# [WHAT IS BEING ASKED]
In the entries that follow, which lines hold the string "Brown"? List them.

# [RECORDS SHOWN]
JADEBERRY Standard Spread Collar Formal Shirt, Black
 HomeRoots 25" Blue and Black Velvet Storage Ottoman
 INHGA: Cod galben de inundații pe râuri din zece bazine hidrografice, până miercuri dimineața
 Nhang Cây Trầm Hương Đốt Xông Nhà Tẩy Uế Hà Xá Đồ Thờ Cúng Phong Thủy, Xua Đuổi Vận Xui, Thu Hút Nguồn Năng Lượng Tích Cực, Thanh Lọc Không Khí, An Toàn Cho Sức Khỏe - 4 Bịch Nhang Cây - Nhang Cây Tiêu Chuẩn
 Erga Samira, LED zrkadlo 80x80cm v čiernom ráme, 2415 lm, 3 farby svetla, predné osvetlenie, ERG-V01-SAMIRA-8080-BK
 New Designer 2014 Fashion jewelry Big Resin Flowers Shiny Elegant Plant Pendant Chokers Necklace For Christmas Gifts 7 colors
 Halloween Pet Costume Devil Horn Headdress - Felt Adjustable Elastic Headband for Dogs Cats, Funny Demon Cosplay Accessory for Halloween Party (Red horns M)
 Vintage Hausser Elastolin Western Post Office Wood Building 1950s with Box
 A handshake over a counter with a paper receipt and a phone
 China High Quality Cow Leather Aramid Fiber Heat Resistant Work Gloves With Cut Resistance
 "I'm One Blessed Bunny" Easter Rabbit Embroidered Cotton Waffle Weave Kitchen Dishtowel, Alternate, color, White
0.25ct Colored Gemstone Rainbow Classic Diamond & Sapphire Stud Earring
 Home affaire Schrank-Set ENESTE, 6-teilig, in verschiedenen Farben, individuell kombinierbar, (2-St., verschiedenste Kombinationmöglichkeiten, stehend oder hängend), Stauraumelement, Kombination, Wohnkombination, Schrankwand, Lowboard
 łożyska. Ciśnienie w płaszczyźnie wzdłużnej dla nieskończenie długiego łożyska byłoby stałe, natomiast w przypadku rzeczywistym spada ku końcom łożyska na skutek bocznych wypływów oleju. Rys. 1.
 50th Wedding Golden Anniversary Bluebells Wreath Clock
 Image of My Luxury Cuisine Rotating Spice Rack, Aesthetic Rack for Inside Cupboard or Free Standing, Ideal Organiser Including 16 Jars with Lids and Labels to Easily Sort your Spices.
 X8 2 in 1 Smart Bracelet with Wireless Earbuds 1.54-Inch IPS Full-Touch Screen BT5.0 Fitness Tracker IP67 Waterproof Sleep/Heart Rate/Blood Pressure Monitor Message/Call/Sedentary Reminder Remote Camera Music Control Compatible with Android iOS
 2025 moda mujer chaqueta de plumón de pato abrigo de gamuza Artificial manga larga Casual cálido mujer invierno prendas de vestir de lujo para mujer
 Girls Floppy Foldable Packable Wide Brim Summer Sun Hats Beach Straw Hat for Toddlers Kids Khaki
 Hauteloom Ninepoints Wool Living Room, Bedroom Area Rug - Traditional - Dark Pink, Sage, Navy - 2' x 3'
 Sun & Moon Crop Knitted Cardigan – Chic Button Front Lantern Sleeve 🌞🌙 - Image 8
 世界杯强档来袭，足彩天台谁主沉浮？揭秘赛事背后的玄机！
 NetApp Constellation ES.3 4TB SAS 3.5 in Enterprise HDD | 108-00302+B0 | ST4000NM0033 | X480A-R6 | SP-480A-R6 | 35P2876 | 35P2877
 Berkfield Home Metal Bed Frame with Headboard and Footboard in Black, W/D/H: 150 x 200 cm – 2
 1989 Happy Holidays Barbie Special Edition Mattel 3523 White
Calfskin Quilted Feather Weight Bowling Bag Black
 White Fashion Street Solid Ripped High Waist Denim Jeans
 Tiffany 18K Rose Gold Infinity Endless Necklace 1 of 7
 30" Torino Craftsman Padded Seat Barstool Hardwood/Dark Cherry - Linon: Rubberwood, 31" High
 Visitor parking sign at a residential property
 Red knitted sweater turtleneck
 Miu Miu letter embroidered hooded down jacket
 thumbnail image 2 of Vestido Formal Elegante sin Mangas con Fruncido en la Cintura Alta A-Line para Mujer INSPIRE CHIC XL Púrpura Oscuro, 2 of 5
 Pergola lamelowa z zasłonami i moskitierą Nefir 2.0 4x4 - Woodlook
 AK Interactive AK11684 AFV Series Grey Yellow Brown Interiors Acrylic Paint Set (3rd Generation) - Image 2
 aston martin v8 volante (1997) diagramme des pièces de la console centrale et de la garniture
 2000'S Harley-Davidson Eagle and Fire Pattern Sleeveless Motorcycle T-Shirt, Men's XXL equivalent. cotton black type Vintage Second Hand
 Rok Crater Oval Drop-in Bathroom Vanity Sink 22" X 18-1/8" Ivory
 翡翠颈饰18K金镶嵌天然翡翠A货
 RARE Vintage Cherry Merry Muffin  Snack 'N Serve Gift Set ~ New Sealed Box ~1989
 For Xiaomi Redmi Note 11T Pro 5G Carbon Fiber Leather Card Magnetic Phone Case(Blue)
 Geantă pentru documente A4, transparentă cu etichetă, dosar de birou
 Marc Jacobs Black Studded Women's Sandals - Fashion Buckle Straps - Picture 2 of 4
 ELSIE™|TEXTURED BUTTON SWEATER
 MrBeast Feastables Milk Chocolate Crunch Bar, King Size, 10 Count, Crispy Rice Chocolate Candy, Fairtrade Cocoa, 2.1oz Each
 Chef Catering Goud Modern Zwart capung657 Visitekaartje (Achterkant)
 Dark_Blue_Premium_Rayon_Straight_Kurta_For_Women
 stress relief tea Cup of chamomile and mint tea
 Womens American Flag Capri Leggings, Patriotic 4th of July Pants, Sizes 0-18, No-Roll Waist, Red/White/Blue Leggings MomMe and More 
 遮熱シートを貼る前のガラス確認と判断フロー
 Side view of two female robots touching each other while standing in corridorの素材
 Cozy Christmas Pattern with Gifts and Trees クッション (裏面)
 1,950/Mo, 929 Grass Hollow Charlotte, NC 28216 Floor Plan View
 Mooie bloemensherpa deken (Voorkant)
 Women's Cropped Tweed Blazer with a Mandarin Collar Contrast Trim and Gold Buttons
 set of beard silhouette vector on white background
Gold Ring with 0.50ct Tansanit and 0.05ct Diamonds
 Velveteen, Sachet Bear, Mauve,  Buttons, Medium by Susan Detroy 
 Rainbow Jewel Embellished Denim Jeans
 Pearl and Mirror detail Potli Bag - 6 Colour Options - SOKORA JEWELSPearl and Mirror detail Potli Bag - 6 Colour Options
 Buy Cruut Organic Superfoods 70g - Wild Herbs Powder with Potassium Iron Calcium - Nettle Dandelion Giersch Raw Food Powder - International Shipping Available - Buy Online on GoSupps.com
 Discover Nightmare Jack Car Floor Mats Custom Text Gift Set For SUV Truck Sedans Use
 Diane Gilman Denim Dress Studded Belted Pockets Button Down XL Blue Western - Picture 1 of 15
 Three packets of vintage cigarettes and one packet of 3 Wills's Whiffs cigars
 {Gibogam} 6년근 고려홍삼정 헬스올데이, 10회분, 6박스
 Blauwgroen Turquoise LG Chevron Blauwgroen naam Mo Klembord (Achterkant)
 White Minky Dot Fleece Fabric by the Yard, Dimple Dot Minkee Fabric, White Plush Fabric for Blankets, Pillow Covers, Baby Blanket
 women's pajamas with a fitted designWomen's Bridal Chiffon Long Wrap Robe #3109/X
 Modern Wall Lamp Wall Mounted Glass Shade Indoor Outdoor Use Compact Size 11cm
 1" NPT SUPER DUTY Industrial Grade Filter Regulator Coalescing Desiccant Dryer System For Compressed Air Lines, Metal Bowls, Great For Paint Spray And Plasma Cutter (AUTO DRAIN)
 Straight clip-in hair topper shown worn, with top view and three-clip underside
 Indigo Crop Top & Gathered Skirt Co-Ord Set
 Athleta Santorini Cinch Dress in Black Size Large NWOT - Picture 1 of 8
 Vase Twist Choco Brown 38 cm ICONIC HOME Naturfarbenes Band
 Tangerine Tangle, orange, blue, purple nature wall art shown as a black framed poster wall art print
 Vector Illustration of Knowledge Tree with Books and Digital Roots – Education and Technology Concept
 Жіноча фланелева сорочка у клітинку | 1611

# [WRITTEN ANSWER]
 AK Interactive AK11684 AFV Series Grey Yellow Brown Interiors Acrylic Paint Set (3rd Generation) - Image 2
 Vase Twist Choco Brown 38 cm ICONIC HOME Naturfarbenes Band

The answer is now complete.